Muahahaha…

From the ‘Evil Henchmen Guide’, How to Be a Villain:
Mean English Teachers
These sadistic henchmen are perfect for when you want to inflict the greatest amount of pain possible. They are arrogant, humorless, and ridiculously strict, insulting their pupils intelligence because they couldn’t become writers themselves. They can extinguish any sense of creativity once held by an individual, as well as transform previously enjoyable literary works into nightmares of horror and confusion. Their monotonous tones are capable of driving even the sanest person to the brink of insanity, useful when you are in need of a torture master. Long after a child has grown up and become a hero, the sign of a mean English teacher continues to cause fear and discomfort.
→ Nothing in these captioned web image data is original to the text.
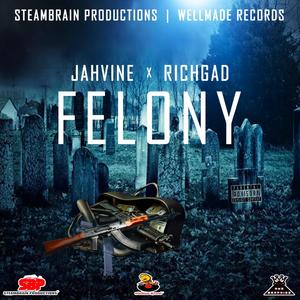 Felony (feat. Rich Gad) (Explicit)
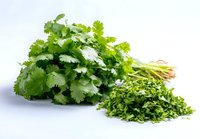 Fresh cilantro bunch with chopped herbs on white background, essential ingredient for Mexican, Asian, and Mediterranean cuisine.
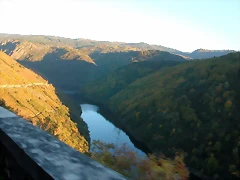 DSCN6522 DSCN6522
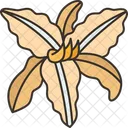 Daylily Flower Blossom Icon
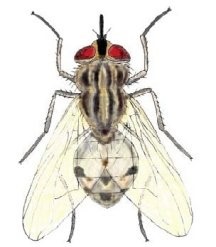 A harapás egy légy, istállólégy, cecelégy (fly) A harapás egy légy, stabil légy, cecelégy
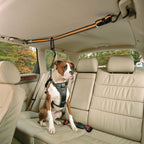 Auto Zip Line for Dogs - Out There Vans, LLC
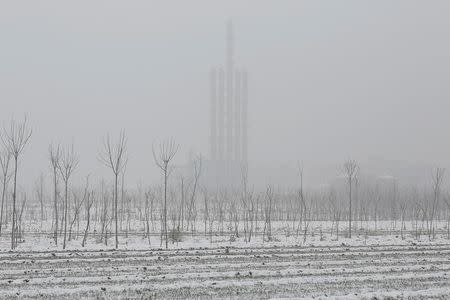 A plant inside the Guantao Chemical Industry Park is seen behind farmland near the village of East Luzhuang, Hebei province, February 22, 2017. Picture taken February 22, 2017. REUTERS/Thomas Peter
Other henchmen possibilities
Classic thugs
Mutants Robot warriors
Ninjas (winners of the Henchmen of the Year award more than any other group)
Aliens
Demented clowns
Computer programmers
Winged monkeys
The undead

Reports of my death have been grossly exaggerated

I am still alive, really.
I’ve been engrossed in other things, and sadly neglecting my blog. My apologies. As I said to one blogette who complained about the lack of posts, I really didn’t know I had an audience. Aside from stalwarts Bill & Becca, comments are few and far between. I assumed the chirping crickets meant I was writing into a void. Apparently I was wrong, and teeming hordes of readers are breathlessly awaiting my next bon mot. No pressure, of course.
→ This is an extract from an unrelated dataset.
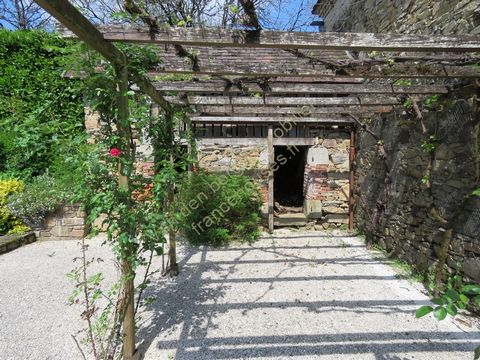 photo no. 14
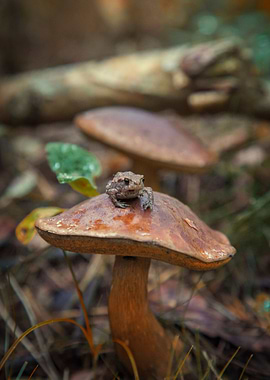 Frogshroom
Anyway, in an effort to prove that I really do care, I’ve added a page of educational resources. Go there. It’s good for you, like bran flakes, but without the rush to the loo.
Well, you ask (apparently), what have I been doing with myself? – catching up on backissues of the Times Literary Supplement – stripping paint off of every painted surface in the house (or so it seems) – researching texts for my upcoming Lit courses – laundry – researching refurbished laptops – learning code (yes, I’ve gone to the dark side) – reading, reading, reading
I just finished Everything is Illuminated, by Jonathan Safran Foer, which came with many recommendations. I now officially add my recommendation to the list.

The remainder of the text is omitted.